Set up the JDBC driver for Pentaho

Use Pentaho to create a JDBC connection to ThoughtSpot.

You can use the Pentaho Data Integration (PDI) to create a JDBC connection. The Pentaho Data Integration (PDI) suite is a comprehensive data integration and business analytics platform. You can use it to create a JDBC connection to ThoughtSpot.

PDI consists of a core data integration (ETL) engine and GUI applications that allow you to define data integration jobs and transformations. Through Pentaho, we primarily use the JDBC driver to set up a connection. The process is not as complicated as with SSIS, and is much more lenient.

Community and enterprise editions of PDI are available. Using the community edition is sufficient, though you may use the enterprise edition, which is subscription based, and therefore contains extra features and provides technical support.

Use JDBC to connect to the ThoughtSpot Simba server from Pentaho. The connection will be made between a new ThoughtSpot Table Input and Output objects.

Check the ThoughtSpot IP and the simba_server status

Before you begin, you need to know the IP address or DNS name of the server you intend to connect your server to.

  1. SSH as admin or the thoughtspot user to your ThoughtSpot node.

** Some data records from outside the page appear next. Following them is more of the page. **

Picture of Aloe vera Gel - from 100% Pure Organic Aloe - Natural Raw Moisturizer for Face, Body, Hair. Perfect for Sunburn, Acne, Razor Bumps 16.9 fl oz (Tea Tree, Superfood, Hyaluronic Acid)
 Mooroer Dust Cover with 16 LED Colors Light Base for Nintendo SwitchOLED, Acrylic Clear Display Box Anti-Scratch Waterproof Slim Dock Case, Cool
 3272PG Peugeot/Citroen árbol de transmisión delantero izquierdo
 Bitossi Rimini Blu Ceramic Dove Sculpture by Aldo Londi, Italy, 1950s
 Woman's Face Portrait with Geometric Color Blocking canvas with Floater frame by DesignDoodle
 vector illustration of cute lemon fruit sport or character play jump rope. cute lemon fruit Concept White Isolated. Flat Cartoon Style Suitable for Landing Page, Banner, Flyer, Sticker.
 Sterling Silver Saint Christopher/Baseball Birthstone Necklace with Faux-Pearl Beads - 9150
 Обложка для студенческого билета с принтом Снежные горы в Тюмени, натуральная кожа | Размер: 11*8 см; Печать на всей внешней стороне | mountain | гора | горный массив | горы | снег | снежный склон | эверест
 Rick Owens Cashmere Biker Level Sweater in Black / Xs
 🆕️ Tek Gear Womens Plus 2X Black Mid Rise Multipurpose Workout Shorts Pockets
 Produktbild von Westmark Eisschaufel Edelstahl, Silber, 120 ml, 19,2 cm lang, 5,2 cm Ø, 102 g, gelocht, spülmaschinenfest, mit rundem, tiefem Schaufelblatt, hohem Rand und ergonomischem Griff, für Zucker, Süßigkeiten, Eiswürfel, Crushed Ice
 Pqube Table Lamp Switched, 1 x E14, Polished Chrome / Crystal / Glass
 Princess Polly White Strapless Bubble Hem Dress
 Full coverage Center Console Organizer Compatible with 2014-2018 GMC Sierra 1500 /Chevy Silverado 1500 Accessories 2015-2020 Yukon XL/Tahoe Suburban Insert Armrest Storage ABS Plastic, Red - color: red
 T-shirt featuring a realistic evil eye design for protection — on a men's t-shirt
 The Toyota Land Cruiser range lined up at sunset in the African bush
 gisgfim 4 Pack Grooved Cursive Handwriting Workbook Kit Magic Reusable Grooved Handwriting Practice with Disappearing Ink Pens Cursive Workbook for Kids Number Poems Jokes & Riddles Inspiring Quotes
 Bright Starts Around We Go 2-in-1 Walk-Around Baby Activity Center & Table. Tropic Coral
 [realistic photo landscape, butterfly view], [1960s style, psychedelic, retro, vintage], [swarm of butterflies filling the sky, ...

  2. Verify the node IP(s).

    $ tscli node ls
    172.18.231.17
    172.18.231.18
  3. Make a note of each IP; there may be more than one.

  4. Configure the ThoughtSpot firewall to allow connections from your ETL client, by running the following command on any ThoughtSpot node: tscli firewall open-ports --ports 12345

  5. Exit or close the shell.

Install the Simba drivers in the Pentaho directories

Before starting the Pentaho Data Integration (PDI) client and creating the connection, ensure that the Simba JDBC client libraries are present in the Pentaho client/server machines. This will ensure that the drivers picked up at runtime.

  1. Log in to the local machine where you have already installed the Pentaho Data Integration (PDI) client.

  2. Click Here to download the JDBC driver.

  3. Select JDBC Driver to download the file thoughtspot_jdbc<version>.jar.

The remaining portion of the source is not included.